No es cuestión de las canciones,
del tiempo que tarden en activarte,
por lo suaves o duras que sean.
No vale tampoco la claridad del día,
los ruidos cotidianos o las conversaciones entabladas,
con su menor o mayor nivel de profundidad.
El verdadero despertar llega mucho antes.
Aunque sea tarde en el tiempo.
Llega con él. Con el tacto.
Con perder la linea entre querer y necesitar.
Con pensar y que sólo importe,
que esté aquí, y empezar a volar
solamente con el privilegio de sus labios.
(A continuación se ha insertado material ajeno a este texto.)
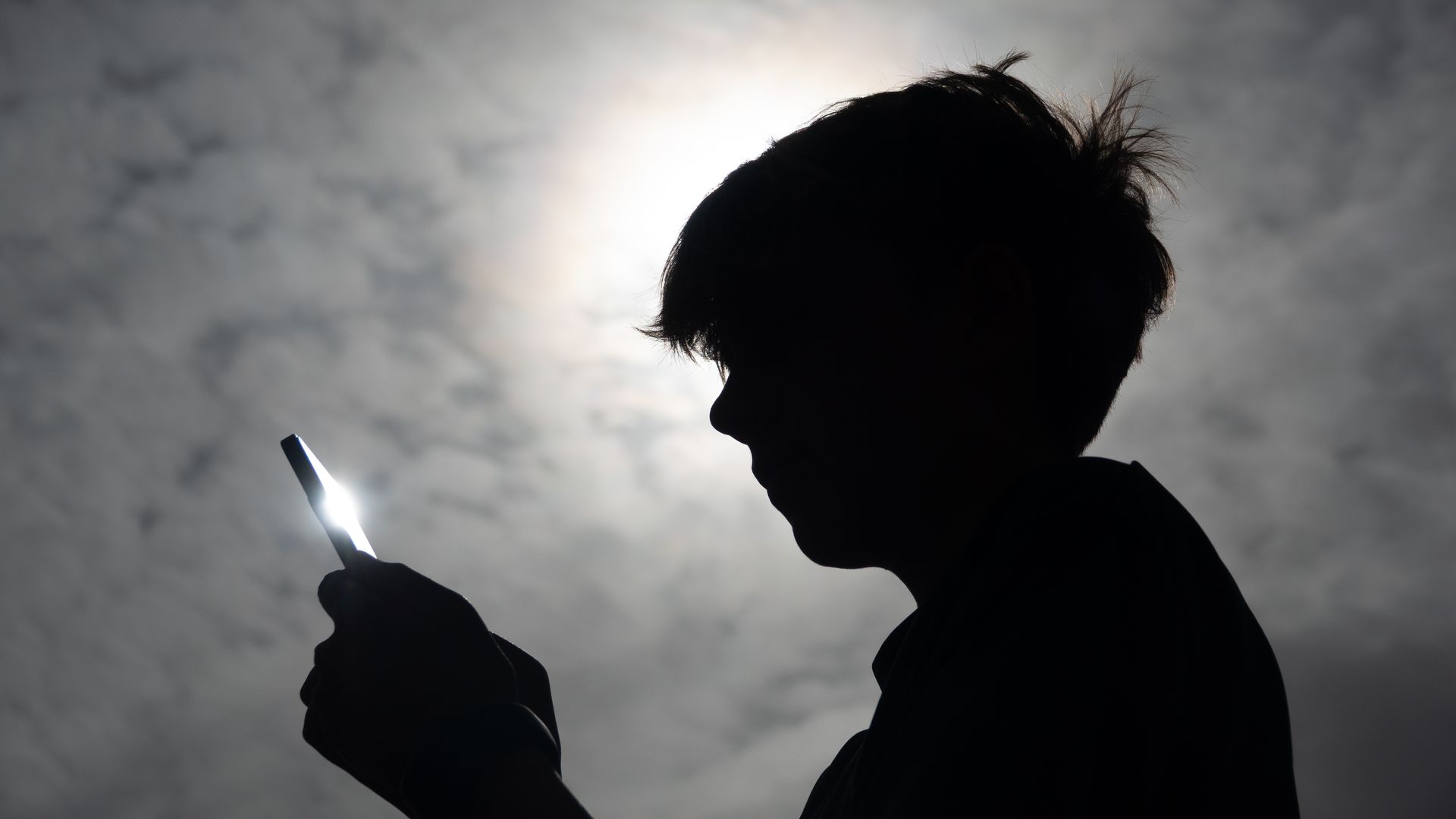 The silhouette of a 13-year-old teenage boys looking at his iPhone smart phone screens on August 26, 2025 in Penzance, England, beneath a cloudy sky as the sunshine breaks through/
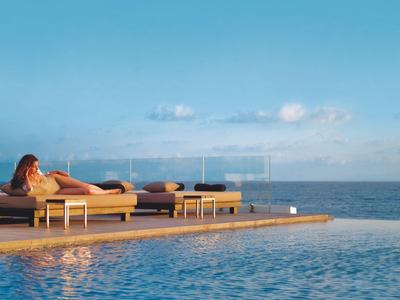 Frau entspannt auf Sonnenliege am Poolrand mit Blick auf ruhiges Meer und blauem Himmel.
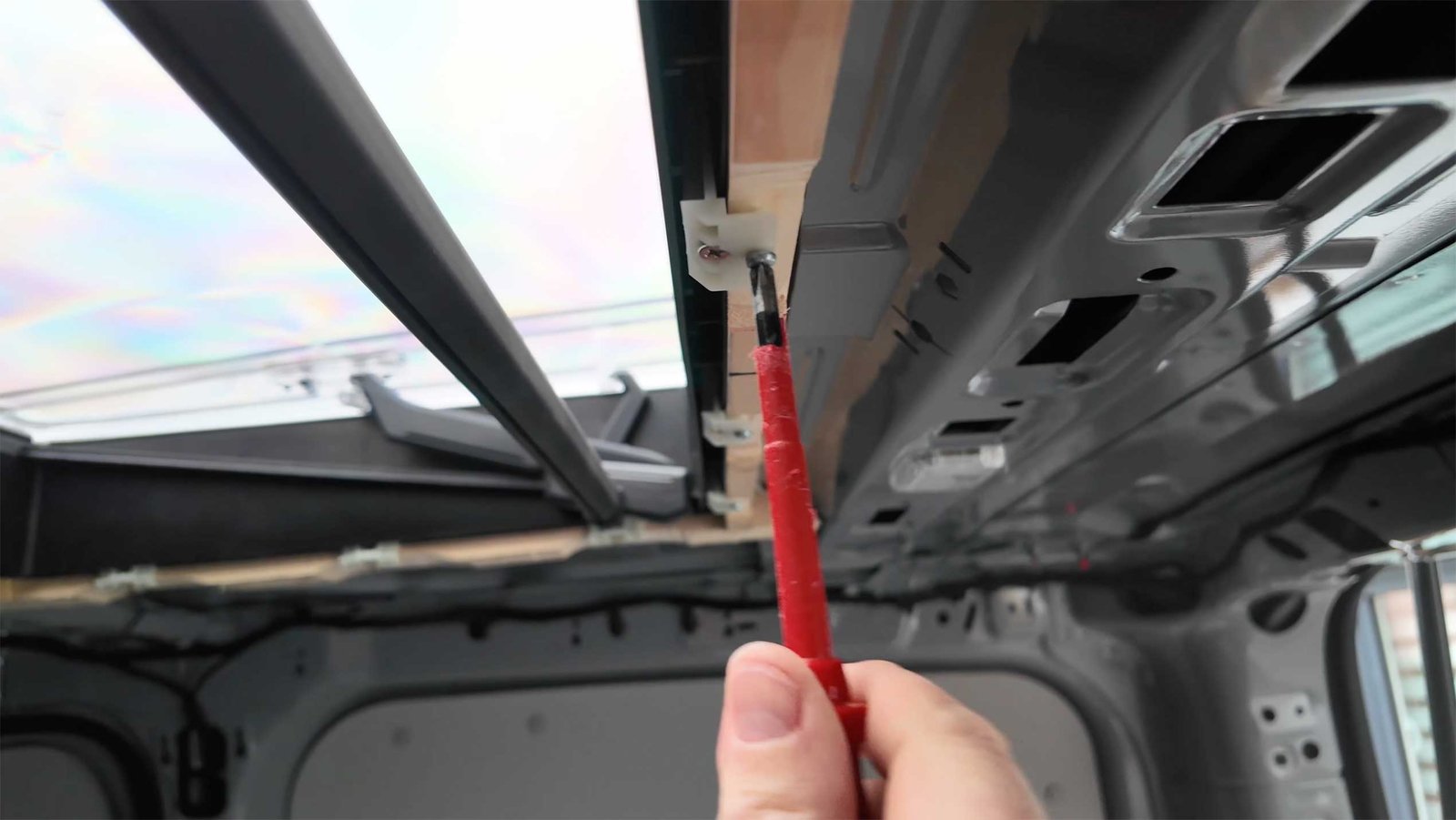 Arbeiten mit einer Säge an einem Metallsteg unter dem Fahrzeugdach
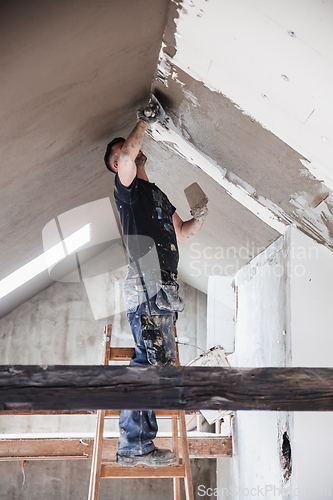 Image of Male builder at work overalls plastering and restoring old wall using a construction trowel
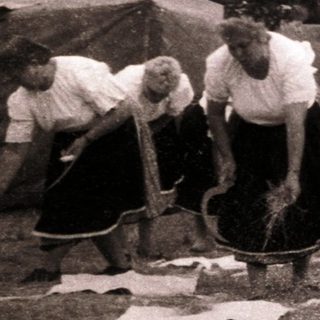 Group of people engaged in traditional rope-making outdoors.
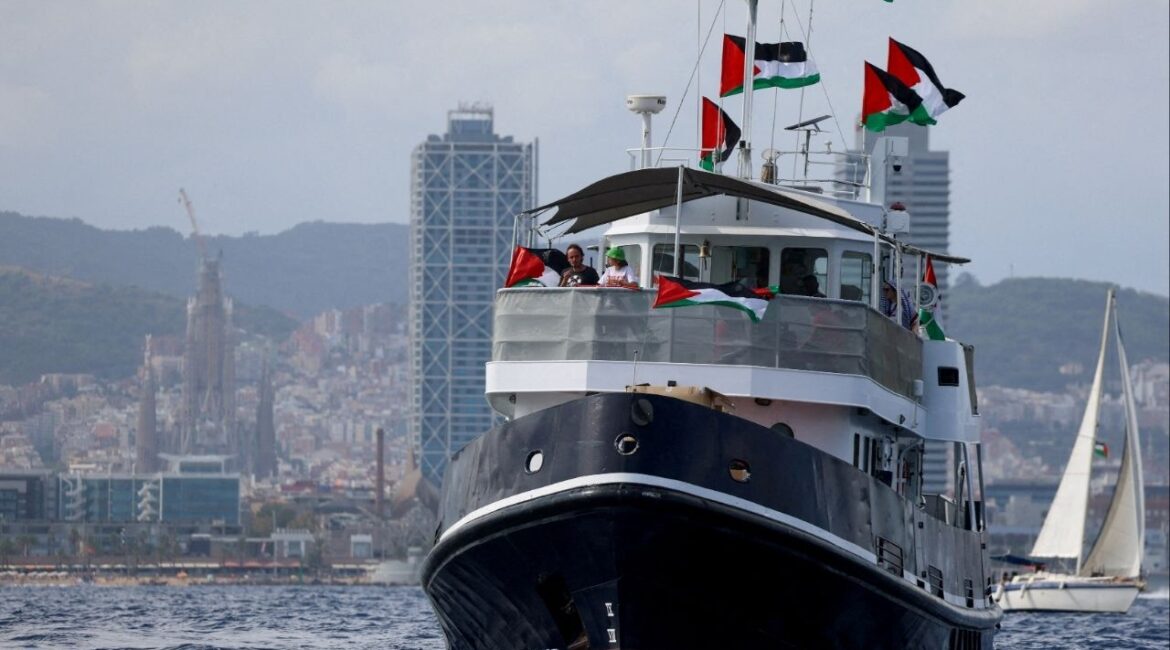 Swedish activist Greta Thunberg departs with other activists on the Global Sumud Flotilla, a humanitarian expedition to Gaza, from the port of Barcelona, Spain August 31, 2025. The Sagrada Familia is seen in the background. (Reuters File)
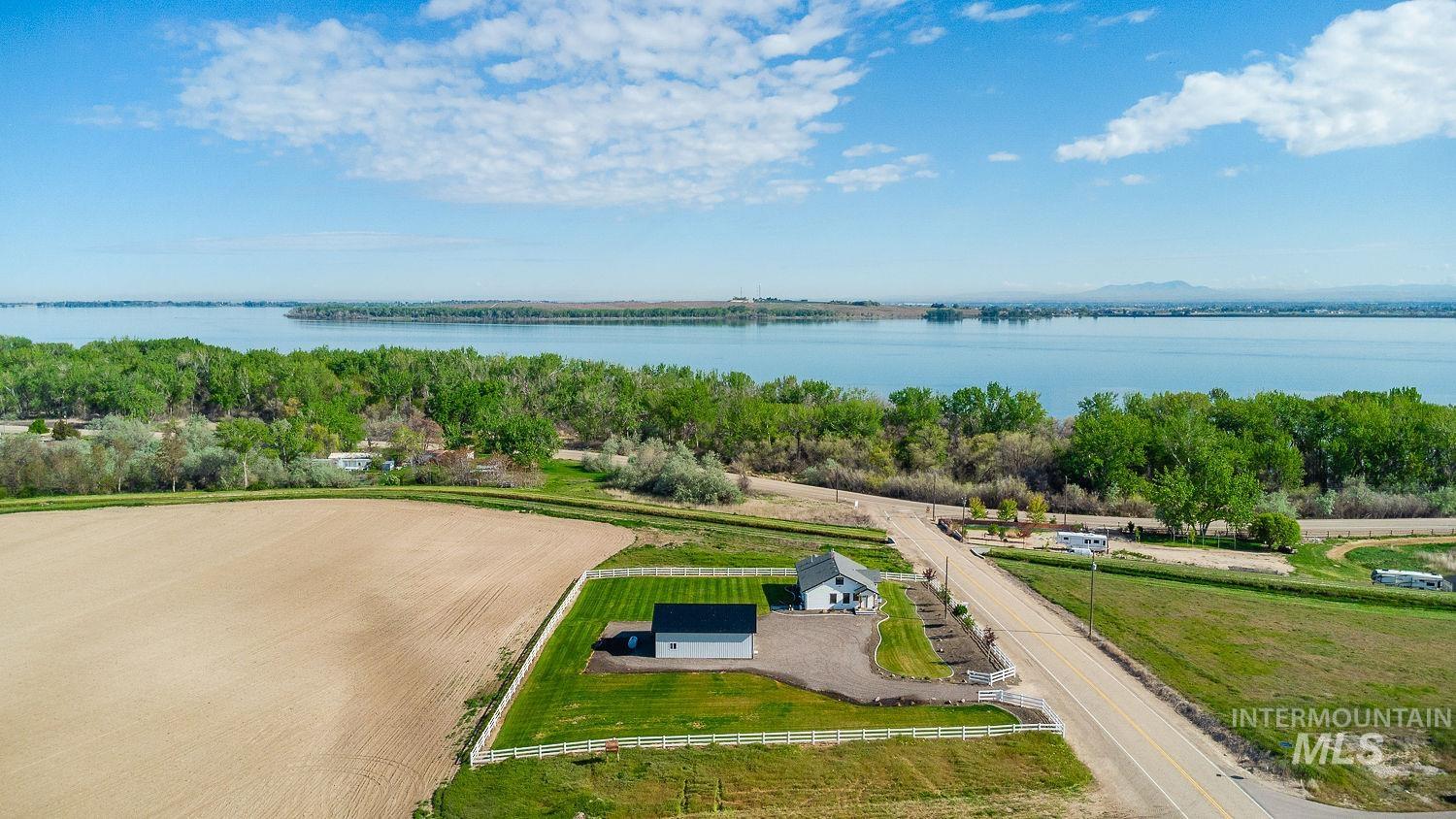 11171 Pump Road Nampa, ID 83686 - Photo 5 of 50 Expansive property featuring a white residence with dark roofing, a detached garage, and a manicured lawn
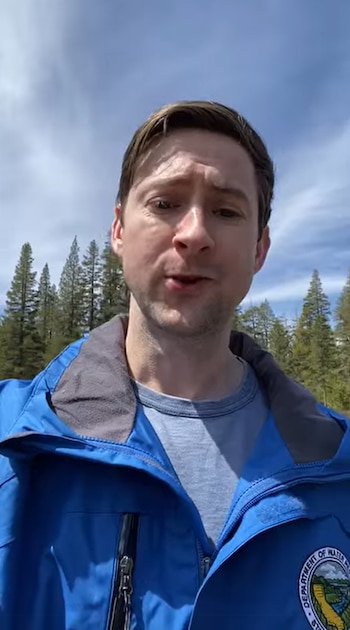 Un hombre viste una chaqueta azul con un emblema circular frente a un entorno de árboles y cielo con nubes
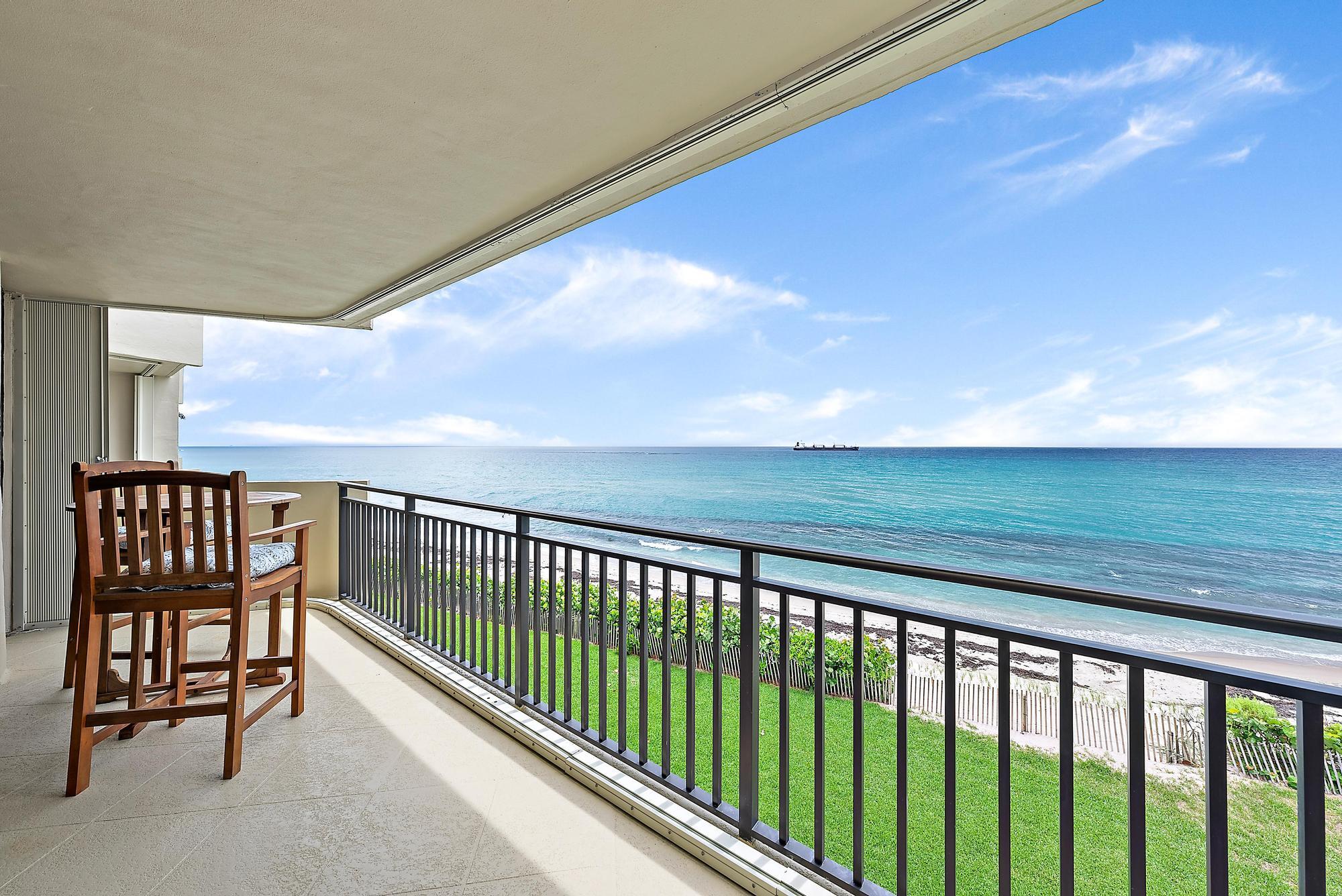 a view of balcony with furniture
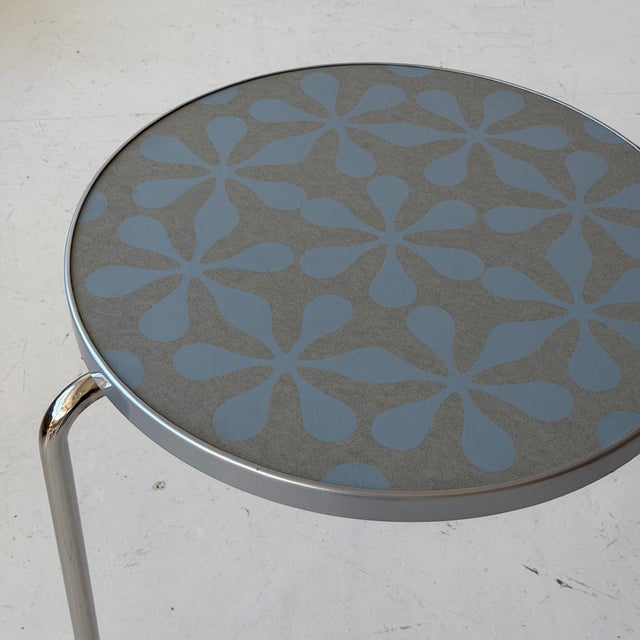 c. 1980s. Italy. Very rare tri leg table with chrome legs and patterned top. Tagged.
Ya no es temprano y, sin embargo, las personas entran y salen de la angustia, como la luz a los portales. No recuerdan cómo son, cuando no eran esto. Desde ambas partes, fuera y dentro, son todos lo mismo. Con una sombra diferente que tiene que empezar a recordar a golpe de despertador cómo se sonríe, como se dice hola y aprender de nuevo olores que más tarde romperán su equilibrio, como los amores clavados en oblicuo. La prisa les invade cuando les preguntas; algunos te confían en silencio que son un mar de dudas. Que caminan a otros lugares, a planetas transparentes, donde los antidepresivos tengan forma de clásicos acordes. Donde la exigencia no sea el horario sino sentir su propio nombre. Porque aquí no hay lugar para el cambio. Si la noche va detrás del día, la costra detrás de la herida, la melancolía tras la pérdida. Y dormir, dormir incesantemente tras la vida.